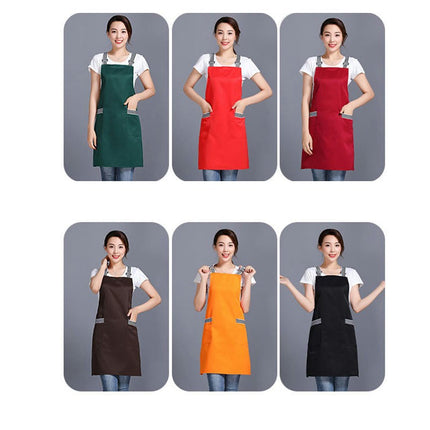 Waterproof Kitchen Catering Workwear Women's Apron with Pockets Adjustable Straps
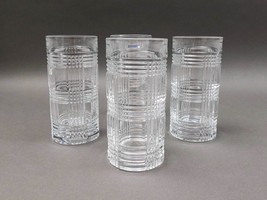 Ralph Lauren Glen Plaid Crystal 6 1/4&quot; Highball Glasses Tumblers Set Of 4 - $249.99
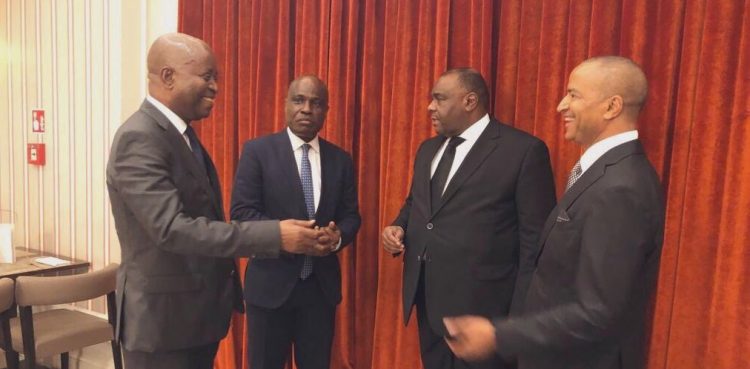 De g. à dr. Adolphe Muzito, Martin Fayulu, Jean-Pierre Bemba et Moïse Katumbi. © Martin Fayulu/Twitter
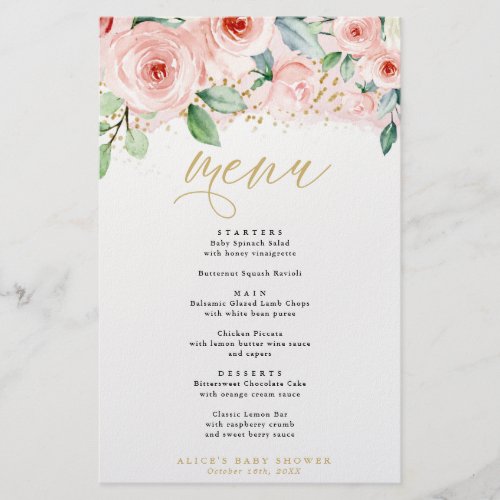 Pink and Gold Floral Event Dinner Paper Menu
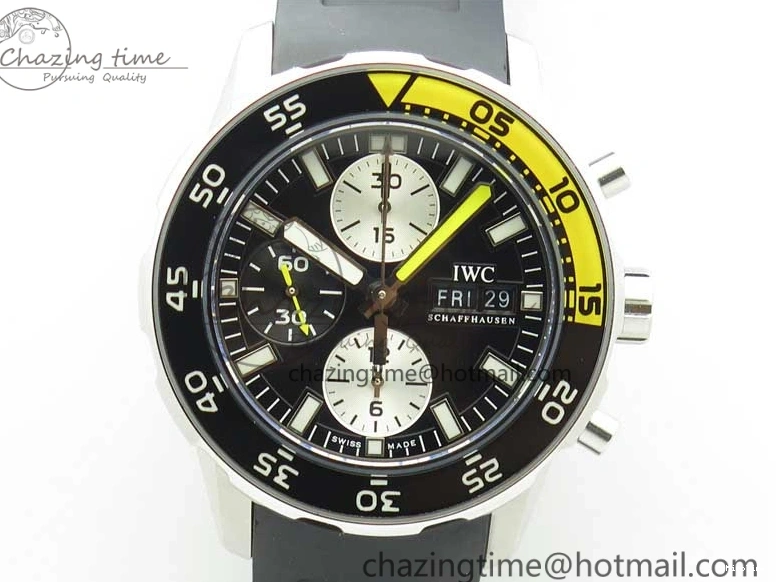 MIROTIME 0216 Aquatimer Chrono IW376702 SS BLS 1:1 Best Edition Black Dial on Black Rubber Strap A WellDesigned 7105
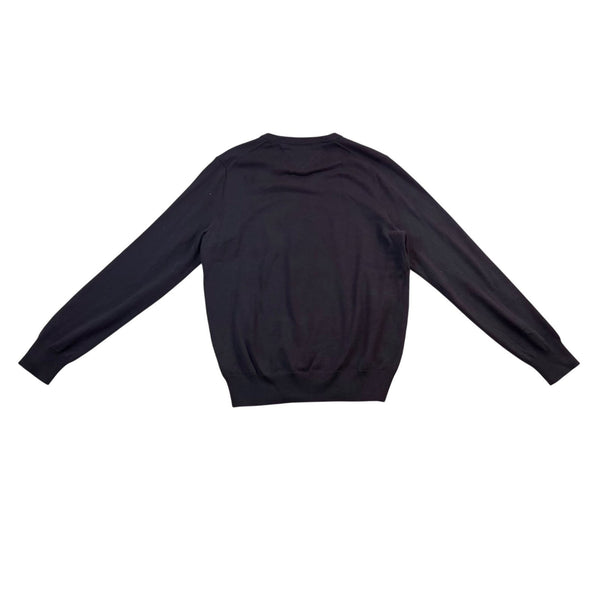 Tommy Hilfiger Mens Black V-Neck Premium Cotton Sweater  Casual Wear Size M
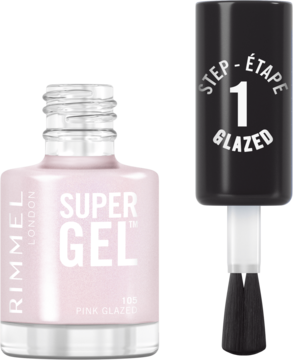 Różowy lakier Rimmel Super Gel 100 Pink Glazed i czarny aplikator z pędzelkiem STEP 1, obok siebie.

****************

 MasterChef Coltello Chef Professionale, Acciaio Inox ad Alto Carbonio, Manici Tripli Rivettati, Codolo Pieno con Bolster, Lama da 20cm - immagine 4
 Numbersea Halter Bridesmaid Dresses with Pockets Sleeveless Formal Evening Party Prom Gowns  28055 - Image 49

****************

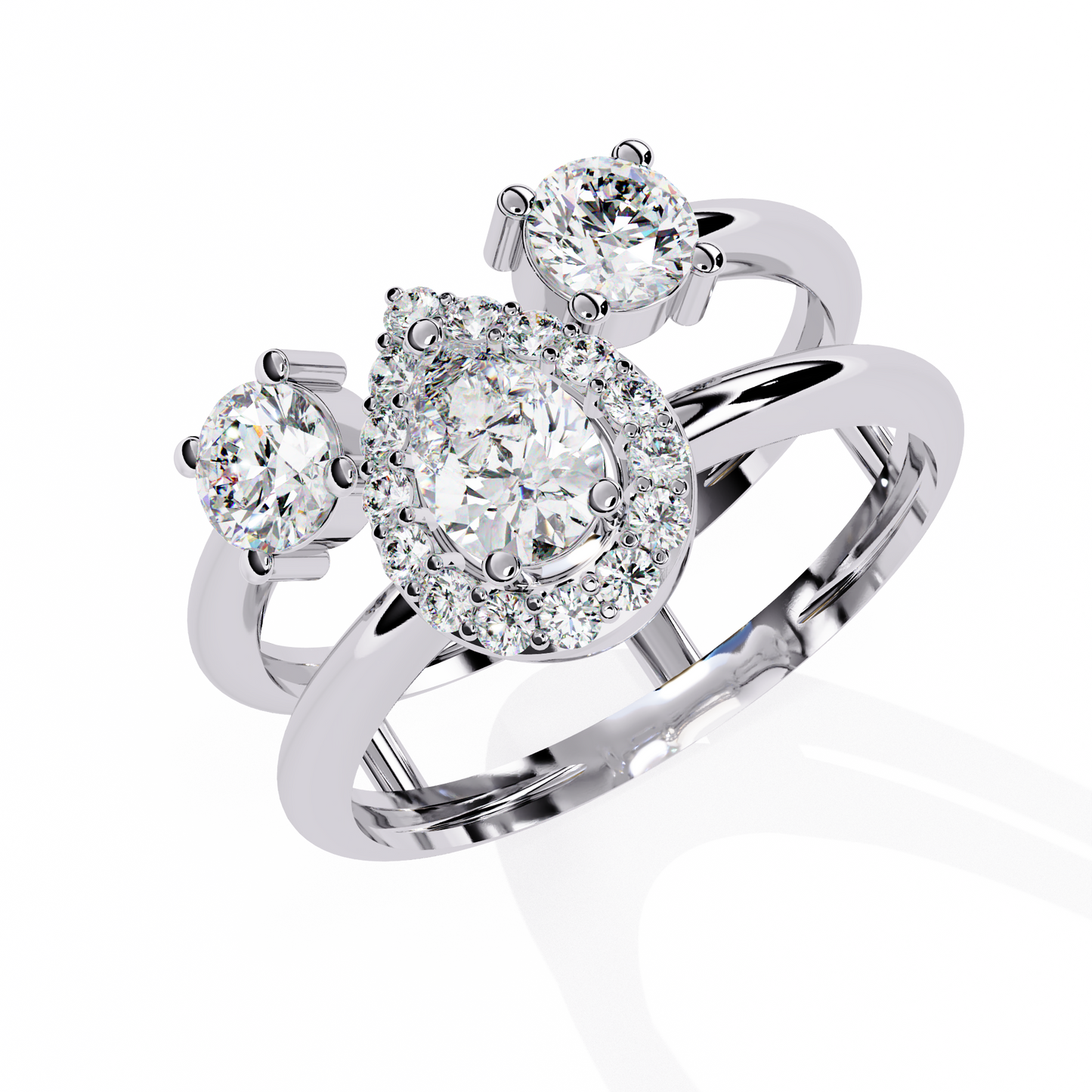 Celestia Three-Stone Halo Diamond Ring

****************

• _TASK OBJECTIVE_
Please output, exactly as written, the lines above from the one holding "Ralph Lauren Glen" through the one holding "Różowy lakier Rimmel", both included, with the pictures omitted.

• _TASK RESPONSE_
 Ralph Lauren Glen Plaid Crystal 6 1/4&quot; Highball Glasses Tumblers Set Of 4 - $249.99
 De g. à dr. Adolphe Muzito, Martin Fayulu, Jean-Pierre Bemba et Moïse Katumbi. © Martin Fayulu/Twitter
 Pink and Gold Floral Event Dinner Paper Menu
 MIROTIME 0216 Aquatimer Chrono IW376702 SS BLS 1:1 Best Edition Black Dial on Black Rubber Strap A WellDesigned 7105
 Tommy Hilfiger Mens Black V-Neck Premium Cotton Sweater  Casual Wear Size M
 Różowy lakier Rimmel Super Gel 100 Pink Glazed i czarny aplikator z pędzelkiem STEP 1, obok siebie.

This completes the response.